Especialmente, importa esclarecer qual seria a verdadeira finalidade do estoicismo. Essa transparece quando tomamos os tratados morais de Sêneca não somente na lógica do autocuidado com que geralmente se alardeia, mas como uma verdadeira arte do cuidado patronal. Nada disso é por acaso, é claro: quem melhor do que um senhor de escravos para escrever como os senhores devem administrar sua economia (ekos-nomia)?

Que essa "filosofia" da gestão dos escravos hoje entusiasme aos patrões, é muito compreensível. Mais estranho, no entanto, é porque produza tanto fascínio em gente que vai passar a vida ganhando mal e sofrendo da grande instabilidade econômica e existencial de nossa época.


PS: Sêneca apenas está explicando para a classe dominante da melhor maneira de tirar proveito do corpo de seus escravos domésticos. Ou ainda: Como ter escravos melhores 101.

Ele é um grande ideólogo da arte econômica (a palavra oikonomía se referia à arte de administração patrimonial, ou seja, do tesouro e dos escravos). era um saber destinado aos futuros patriarcas, e visava instruí-los a tratar um escravo da mesma maneira que parecia correto um governante superior e virtuoso tratar mesmo ao povo mais vil. Não que fosse bondade: era somente porque era do interesse da casa-grande. Perto dos senhores, é importante escravos lindos, bem-educados e cheirosos. Fabrica-se uma pequena aristocracia da servidão para melhor servir os patrões. E também para embelezar a casa, é claro. O resto, a massa de imundos e doentes, feio e mutilado pela exploração, fica bem longe, ou no eito, ou recolhido em sua senzala.

Não se deixe enganar pelas palavras belas dos patrões e de seus lacaios alienados que desejam envenenar-lhe com imagens grandiosas e heróicas de quem na verdade era uma grande canalha. Sêneca era um escravista e escrevia para ensinar escravistas. Esse era o fim de suas reflexões sobre a moral. Era esse o fim pedagógico último de sua filosofia estoica: formar filhos do patriarcado dirigente, tal qual aquele Lucílio para quem escrevia.

A arte econômica de Sêneca tem o seguinte fim: Perpetuar uma estirpe no poder. Manter os direitos de propriedade dos escravos e terras. Não tomem Sêneca como um filósofo liberal, que acreditava na igualdade humana. Escreve, esse ideólogo da escravidão o seguinte, com o intuito de contradizer qualquer um que viesse a entender suas lições como um gênero de abolicionismo; trata-se, na verdade, apenas de uma outra pedagogia da dominação: "eu proponho que escravos respeitem seus mestres em vez de temê-los", escreveu Sêneca no parágrafo 19 da Carta 47.

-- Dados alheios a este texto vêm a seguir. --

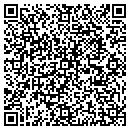 QR code with Diva For the Day contacts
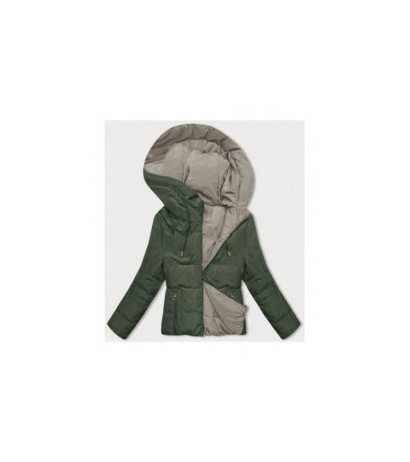 S'WEST (B8181-11046) striukė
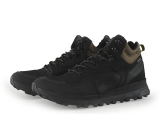 Clarks Hohe Sneaker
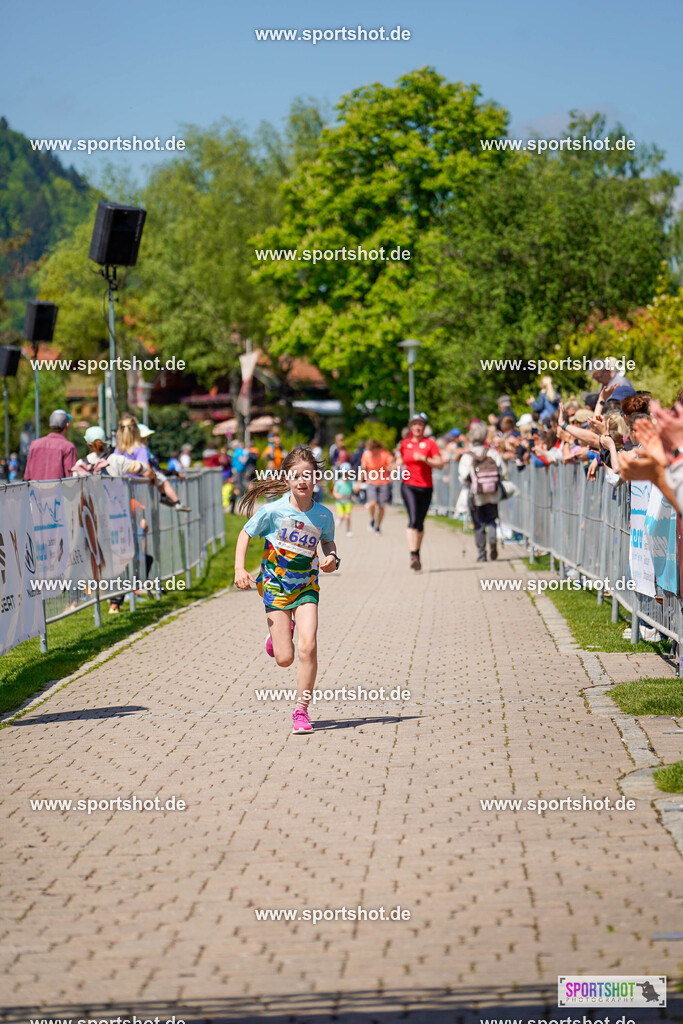 _PTA3943 | Schlierseelauf 2025 #schlierseelauf #flowmotion #yourpictrs #sportshot_your_pictrs Copyright:www.sportshot.de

Se examinamos o documento, podemos verificar que o autor esclarecia sua proposta antes aprimorar a arte da escravidão, indicando que a educação da mão-de-obra escrava é importante sobretudo para a vida doméstica ordenada e bela. 

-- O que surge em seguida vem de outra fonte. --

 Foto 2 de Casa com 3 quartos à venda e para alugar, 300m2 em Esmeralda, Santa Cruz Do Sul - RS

Era maneira de se antecipar a quem sustentasse, contra Sêneca, de que ele estava de alguma forma defendendo a" libertação dos escravos em geral e roubando senhores de sua propriedade", simplesmente porque propõe "que escravos respeitem seus mestres em vez de temê-los". (parágrafo 18)

Claro, é muito conveniente aos donos de patrimônio que estejam sendo disseminados esse gênero que naturaliza a escravidão como ordem natural. Existe muita gente ganhando dinheiro para disseminar esse saber da exploração da mão de obra. Mas não se deixem enganar pelo discurso adocicado do amor ao subalterno: ele é pura hipocrisia. No fim do dia, sabemos quem vai dormir na senzala, passando frio e fome, e quem quem vai dormir na casa-grande, cercado de ouro e luxo.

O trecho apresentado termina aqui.